Some time ago when we were starting MSI development we've discussed this issue and possible consequences it could bring. Along with that, we raised a question to the community what business cases could lead to the update of natural identity (Product SKU). And there were no business cases which could appear on a day to day basis. We were given several examples like a company has own pattern for SKU, and then this company acquired by another company which has own pattern so that existing SKUs have to be adjusted. But this is a one-time operation, and there is no sense to introduce service layer for it, rather some low-level tool which could be run via CLI as a part of a migration process.
Thus, in the desirable state of Magento - there should not be possible to modify SKU after the product has been created, this decision is dictated by the business standpoint, but not development one. So, we want to disable SKU modification both from the UI side on the admin panel as well as via ProductRepository API which allows product entity modification.
Moreover even now without MSI, but having ERP integration modifying SKU would lead the system to the data inconsistency, as Product ID is meaningless for the external system (it's totally internal identity which should not be exposed outside of Magento).
Igor,
While I appreciate your detailed response, I have to disagree whole heartedly, and from personal experience no less. This kind of decision seems to have no benefit I can derive from your explanation. Moreover, I have worked at great length in systems that similarly used business layer data for relation and identity purposes, and I can confirm that the decision to do so was ALWAYS fraught with data integrity issues, and almost always these issues would arise from user activities the developer did not or could not anticipate - - which is why it is considered such a bad decision by much of the database schema design community in the first place. At bare minimum it increases the administrative costs on a business as a DBA becomes an absolute necessity regardless of the size of the database in order to maintain controls over how data is manipulated to prevent an integrity nightmare.
I must say, as a dedicated Enterprise/Commerce developer, development decisions like these make me hesitant to continue to dedicate personal and professional resources to the platform and make me hesitant to continue to evangelize its use for business clients and employers.
I have yet to hear a good reason for such a design decision, and would appreciate some kind of explanation beyond your initial response. Why was SKU used instead of product ID given that the rest of the framework joins on product ID and given that surrogate keys are a well established best practice except in cases of extreme storage / performance / record count requirements (of which this is not the case as SKU is significantly more storage / memory hungry than a 4-byte integer)...
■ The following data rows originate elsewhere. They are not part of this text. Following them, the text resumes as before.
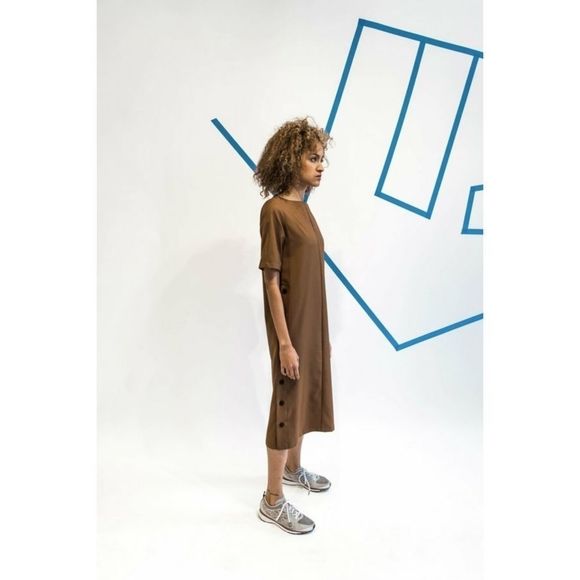 Wolcott : Takemoto HAMLET Midi DRESS - SILTY BROWN sz M - Picture 4 of 11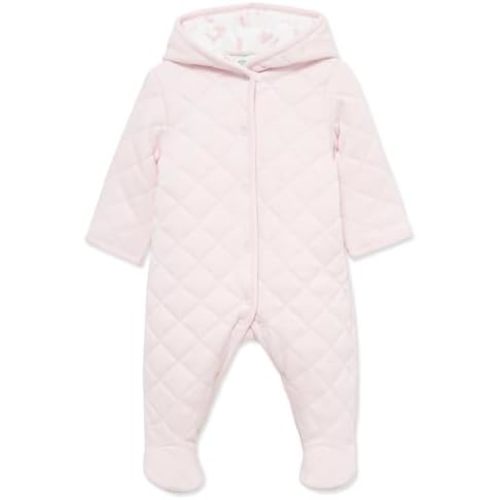Little Me Clothes for Baby Boys' and Girls' Organic Cotton Quilted Velour Pram Snowsuit, NB to 9 Months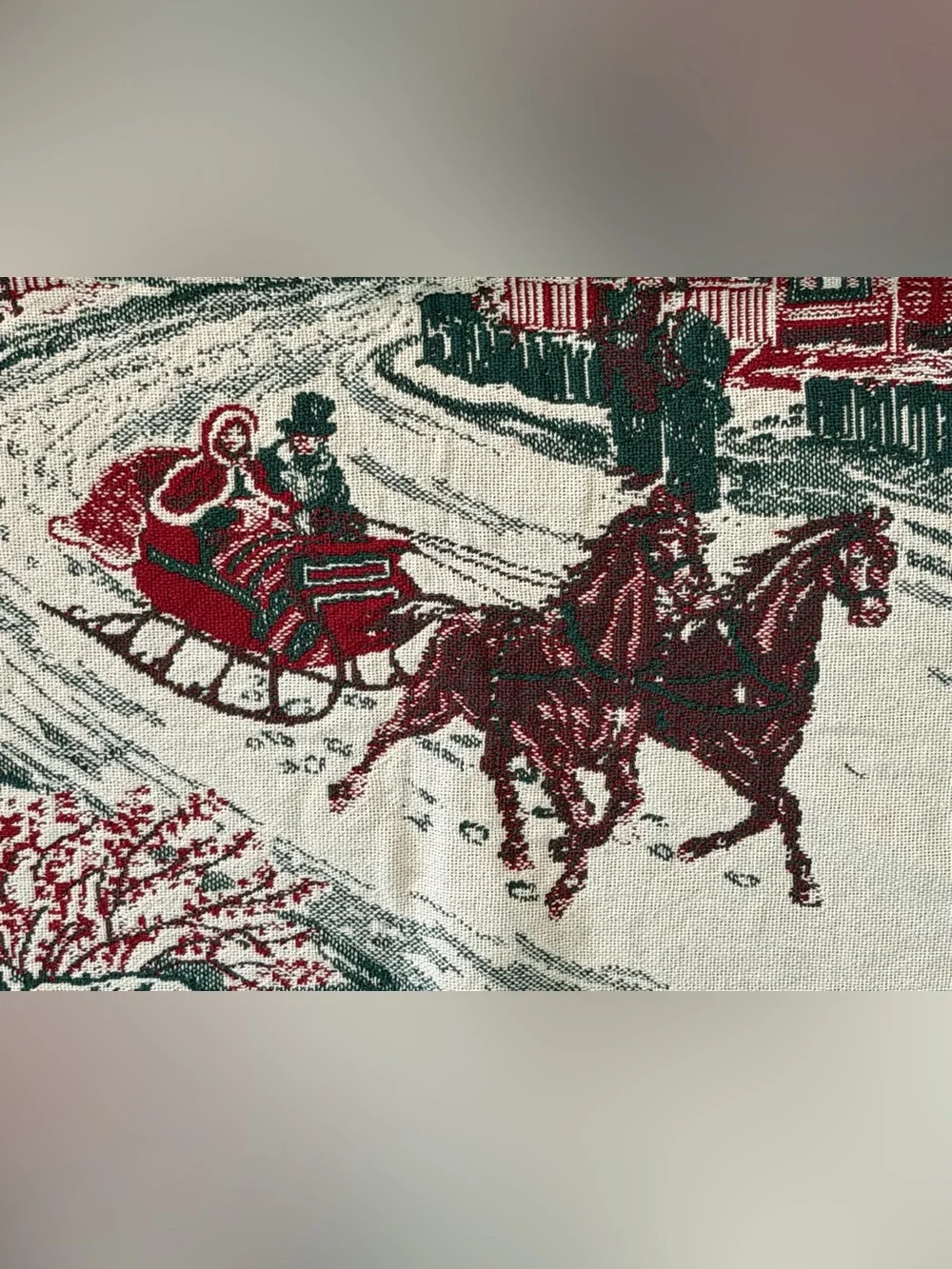Vintage Woven Holiday Tapestry Throw Blanket Horse drawn carriage Red, Green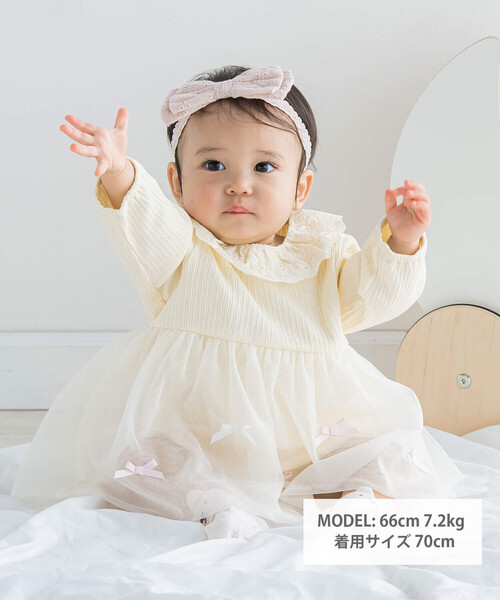 SLAP SLIP BABY（スラップスリップベビー）の「レース襟付グログランリボンラメチュールスカートボディミニベビー(70~80cm)（ロンパース・キッズ・ブルー/イエロー・70cm/80ｃｍ）」の3枚目の写真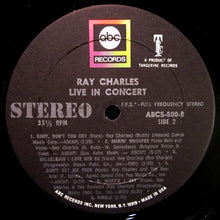 Charger l'image dans la galerie, Ray Charles : Ray Charles Live In Concert (LP, Album, RE)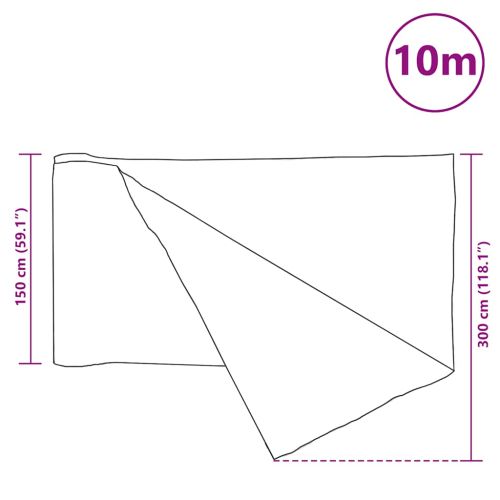 Засенчваща мрежа черна 1,5x10 м HDPE 75 г/м²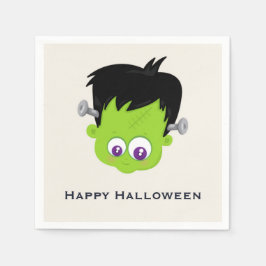 Cute Grönt Frankenstein Monster ansikte Halloween Pappersservett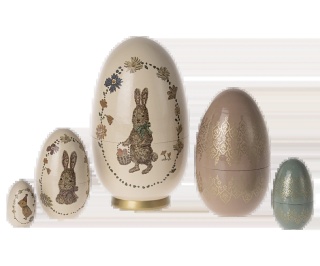 Dekoracja wielkanocna Maileg - Easter babushka egg, jajko babuszka 5 sztuk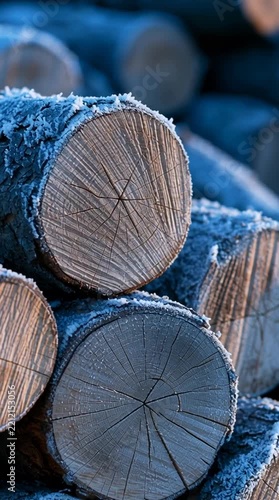 Cinematic Slow Camera Push In on Static Stacked Firewood Covered in Morning Frost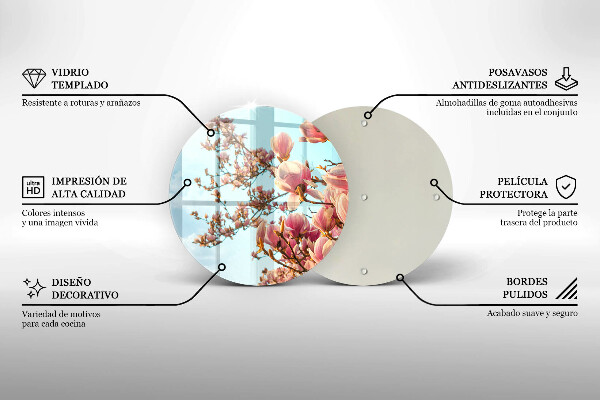 Protection plaque induction Arbre à fleurs roses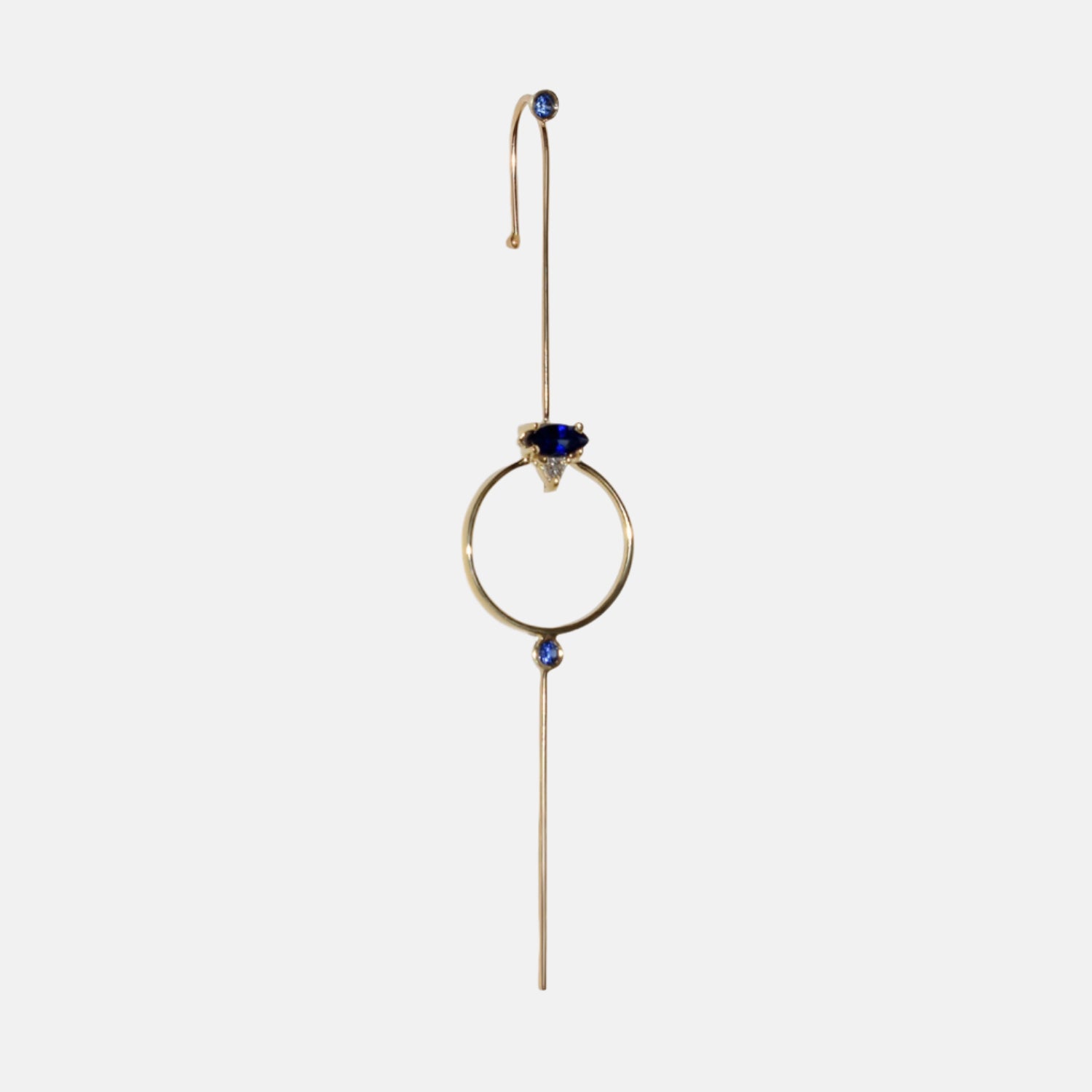 Sapphire Seeing Eye Needle Earring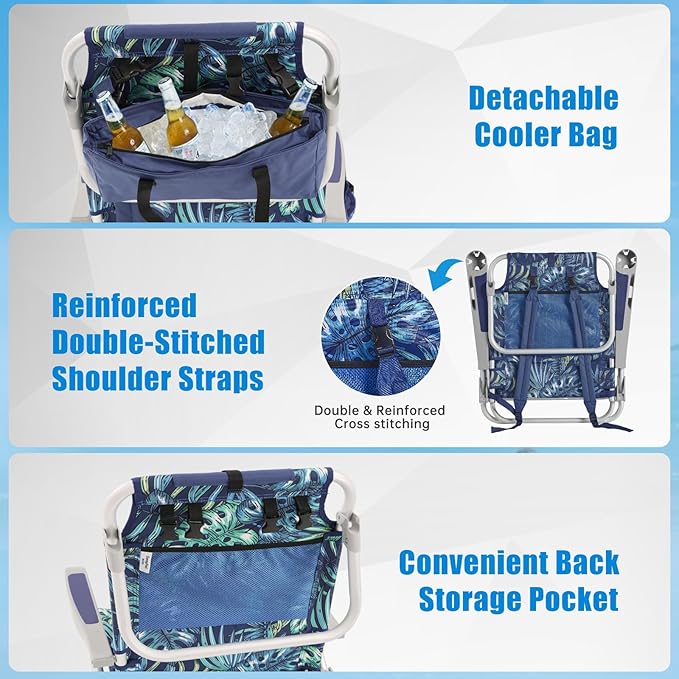 SUNNYFEEL Low Beach Chairs for Adults 5 Position Lay Flat Portable Folding Backpack Beach Chair Heavy Duty with Cooler Bag Cup Holder for Outdoor/Lawn/Picnic Foldable Camping Chair
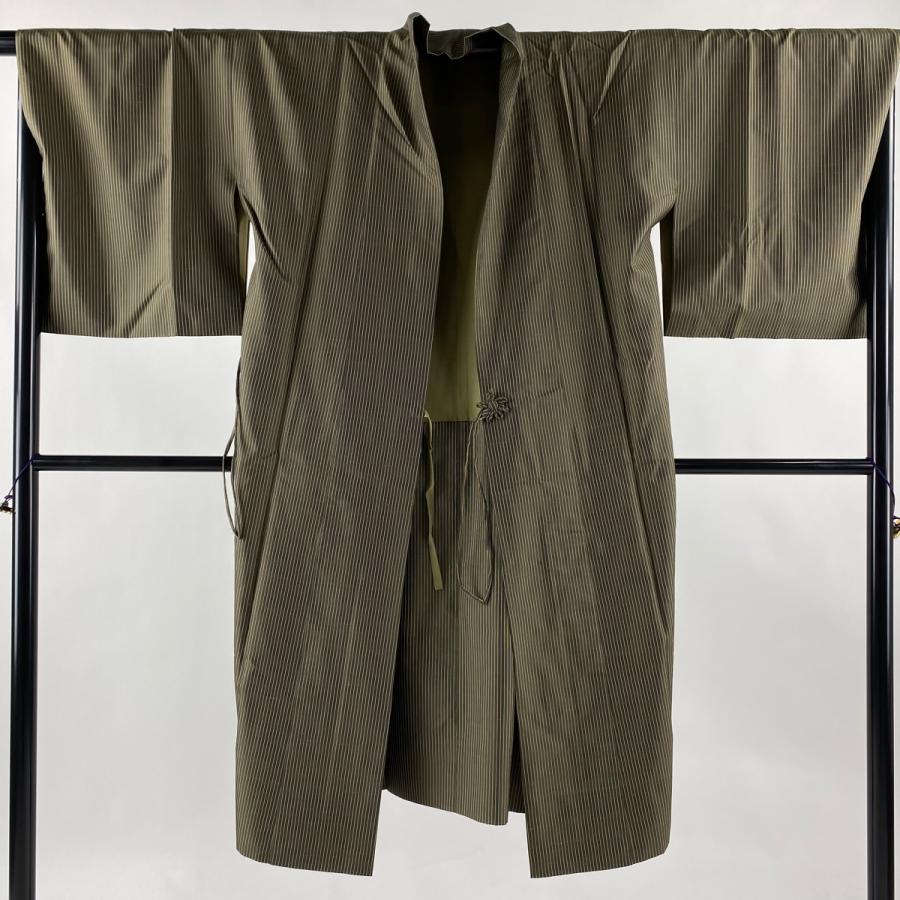 道中着 身丈122.5cm 裄丈68cm L 和装コート 紬地 縞 茶緑色 正絹 美品  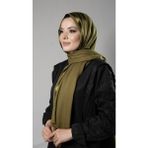 Hürrem Bone Yağ Yeşili Şerit Çizgili Şal Viskon Kumaş Bursa Dolama 202109_36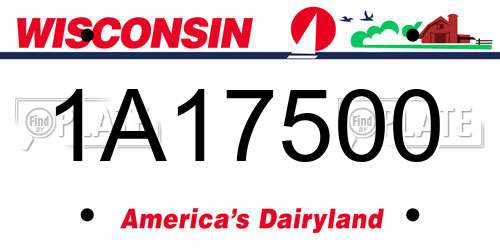 1A17500 Wisconsin License Plate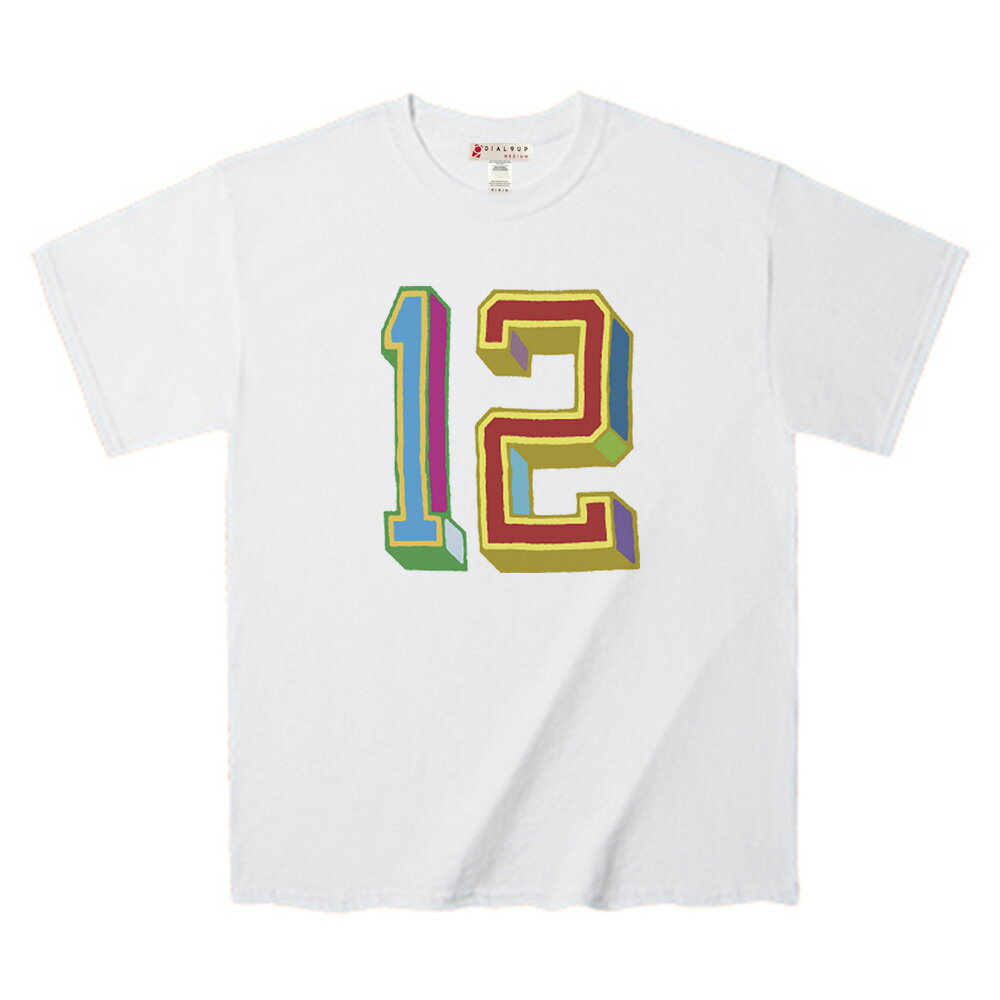 Rakuten - Tシャツ クレイジーカラーの手書き 12ナンバリングTee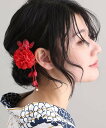 【SALE/10%OFF】PourVous 華やか花飾り 6種類 プールヴー ヘアアクセサリー バレッタ・ヘアクリップ・ヘアピン レッド ブルー パープル ピン...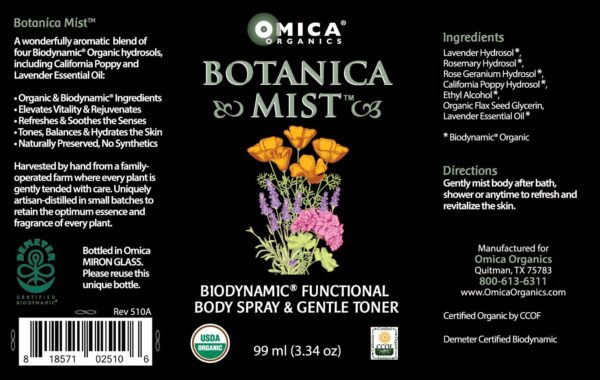 Botanica Mist Biodynamic Functional Body Spray & Toner (99 ml / 3.34 fl oz) 2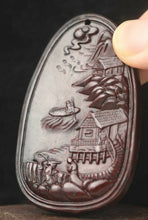 Load image into Gallery viewer, 10% OFF- Certified Natural Red Jadeite Emerald A Jade Handcarved Beautiful Landscape Lucky Jade Pendant《Grade A》NO.C888
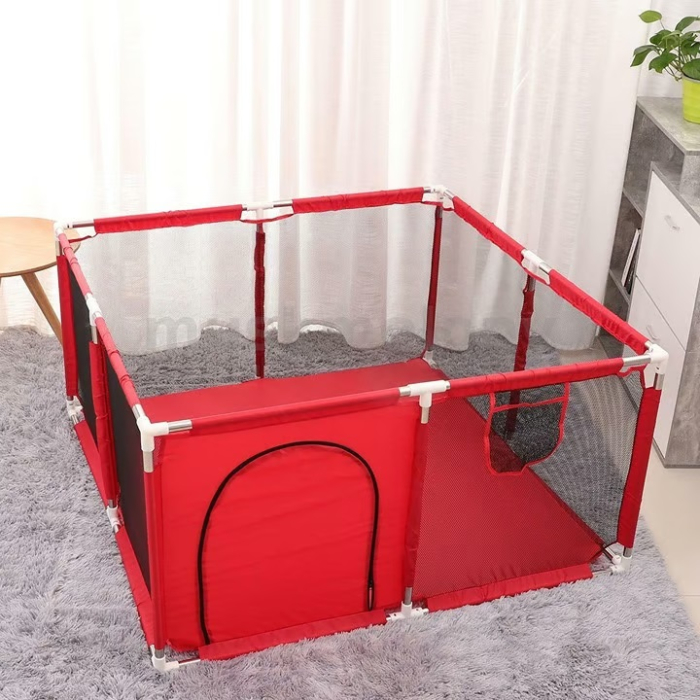 Tarc de joaca pentru copii, 128 x 128 x 65 cm, rosu [4]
Thank you again for your time. The Magento platform is very important to me. It is distressing for me. I don't enjoy feeling that something I have put considerable time into may be headed down a path I consider unsustainable and doomed to fail, and I am not intending to attack you or the rest of the development team in any way.
Sincerely,
A fellow but concerned developer,
Michael Dietz michael.dietz@gmail.com
On Jan 29, 2019 11:26 AM, Igor Miniailo notifications@github.com wrote:
Hi, @michaeljdietzhttps://github.com/michaeljdietz thanks for creating this issue.
Some time ago when we were starting MSI development we've discussed this issue and possible consequences it could bring. Along with that, we raised a question to the community what business cases could lead to the update of natural identity (Product SKU). And there were no business cases which could appear on a day to day basis. We were given several examples like a company has own pattern for SKU, and then this company acquired by another company which has own pattern so that existing SKUs have to be adjusted. But this is a one-time operation, and there is no sense to introduce service layer for it, rather some low-level tool which could be run via CLI as a part of a migration process.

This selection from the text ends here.